Fig. 8B is a time-based signal associated with the CS comparator of fig. 8A.

Fig. 9A is a block diagram of a second possible implementation of a Current Sense (CS) comparator for the possible implementation of the resonant offset compensation circuit of fig. 5.

Fig. 9B is a time-based signal associated with the CS comparator of fig. 9A.

Fig. 10 is a block diagram of an LED level measurement circuit according to a possible embodiment of the present disclosure.

Fig. 11 is a block diagram of a duty cycle generation circuit according to a possible embodiment of the present disclosure.

Fig. 12 is a detailed block diagram of an LED system with dimming control according to an embodiment of the present disclosure.
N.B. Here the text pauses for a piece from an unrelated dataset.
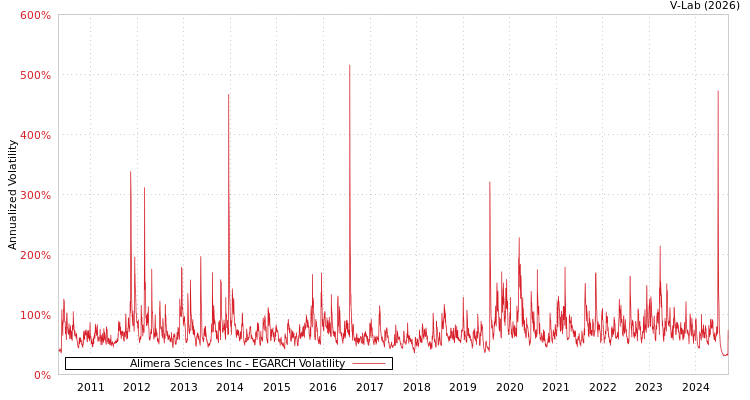 graph of Alimera Sciences Inc EGARCH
Fig. 13 is a flowchart of a method for driving an LED according to an embodiment of the present disclosure.

Fig. 14 and 15 show variations of the embodiments described herein.

The components in the drawings are not necessarily to scale relative to each other. Like reference numerals designate corresponding parts throughout the several views.

Detailed Description

The present disclosure describes a circuit and method for accurately controlling a converter circuit, particularly when the converter circuit is operating in Discontinuous Current Mode (DCM) to deliver current or voltage to a load. The disclosed circuits and methods may be implemented for analog dimming of LEDs and may address the lack of accurate dimming control at low light levels of LEDs. The disclosed circuits and methods may provide the advantageous result of extending the controllable range of LED light levels without using pulsed dimming, which may have undesirable flicker or noise.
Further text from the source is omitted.